SB: You have interviewed over 100 individuals already. What would you say is the greatest take-away?

MD: I have people identify what they think about home and do they have particular memories, and it doesn’t matter if the person is well off, has an intact family or is homeless, I’d say 98% of them identify home as something they really love. We have this common good feeling about home, and when I ask people about those memories and I get them to think about the bigger issue they start to think, “What would it be like if I didn’t have this security, that place to go to, if I never cooked with mom, what happened if I lived in a car?” I’ve seen people grappling with the fact that what they have if they’re doing okay right now is not something that a lot of people have and it’s getting worse. And if they’re homeless, they still realize how important stability is, and how they’re not able to get out of their homeless situation because of the lack of stability.
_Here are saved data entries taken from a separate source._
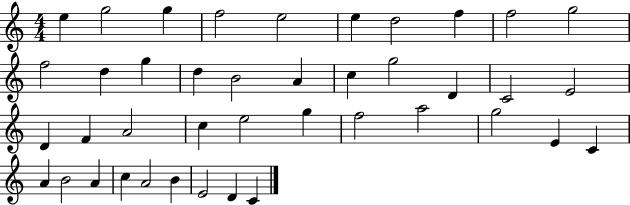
E5/q G5/h G5/q F5/h E5/h E5/q D5/h F5/q F5/h G5/h F5/h D5/q G5/q D5/q B4/h A4/q C5/q G5/h D4/q C4/h E4/h D4/q F4/q A4/h C5/q E5/h G5/q F5/h A5/h G5/h E4/q C4/q A4/q B4/h A4/q C5/q A4/h B4/q E4/h D4/q C4/q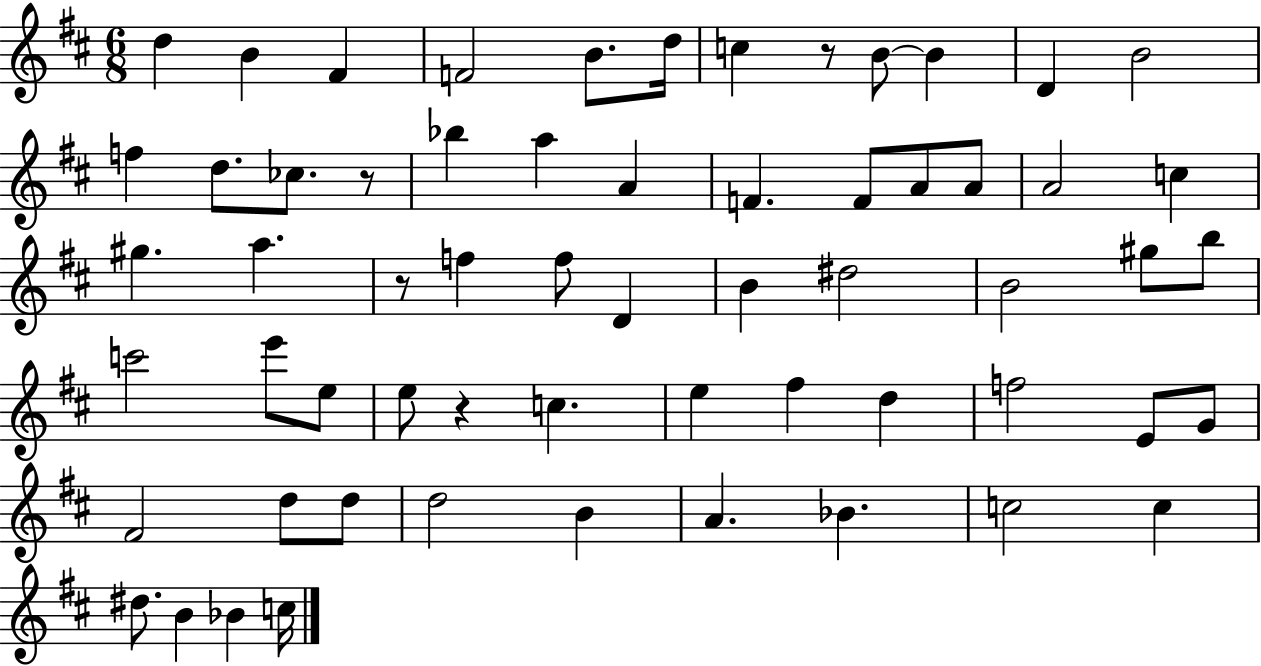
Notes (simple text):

D5/q B4/q F#4/q F4/h B4/e. D5/s C5/q R/e B4/e B4/q D4/q B4/h F5/q D5/e. CES5/e. R/e Bb5/q A5/q A4/q F4/q. F4/e A4/e A4/e A4/h C5/q G#5/q. A5/q. R/e F5/q F5/e D4/q B4/q D#5/h B4/h G#5/e B5/e C6/h E6/e E5/e E5/e R/q C5/q. E5/q F#5/q D5/q F5/h E4/e G4/e F#4/h D5/e D5/e D5/h B4/q A4/q. Bb4/q. C5/h C5/q D#5/e. B4/q Bb4/q C5/s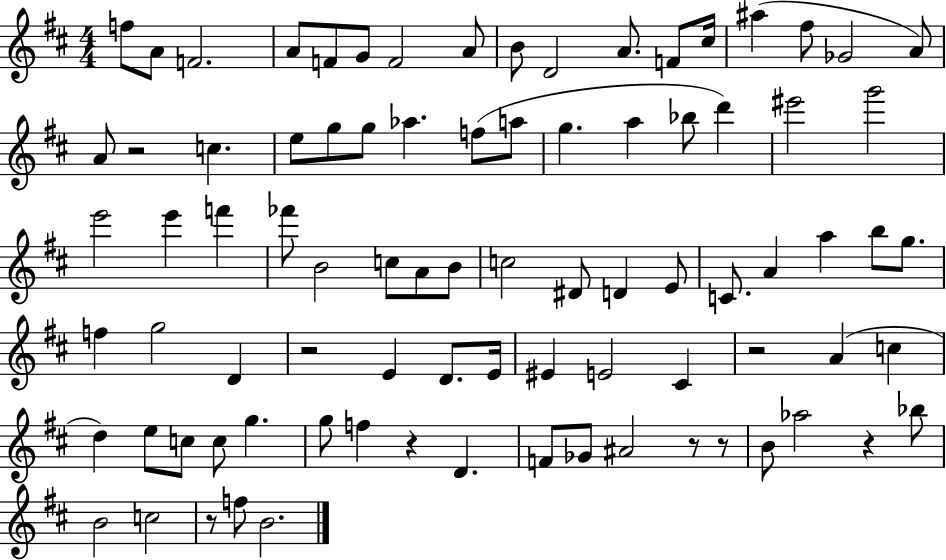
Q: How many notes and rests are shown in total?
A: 85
So my advice, my punch line, the thing I want to get to for advocates and politicians that care about housing issues is… we’re still going to have to use the acronyms and the legislative speech in certain circles, but if we want to get the public behind us on a major policy initiative, we need to talk about how people can’t rely on home as a place of safety, as a place to go back to. Those are important things to people and a lot of folks don’t have it.

I hope that we find a way to talk about this in ways that really resonate with the public because as the interviews show, they’re ready to talk about this. They understand it.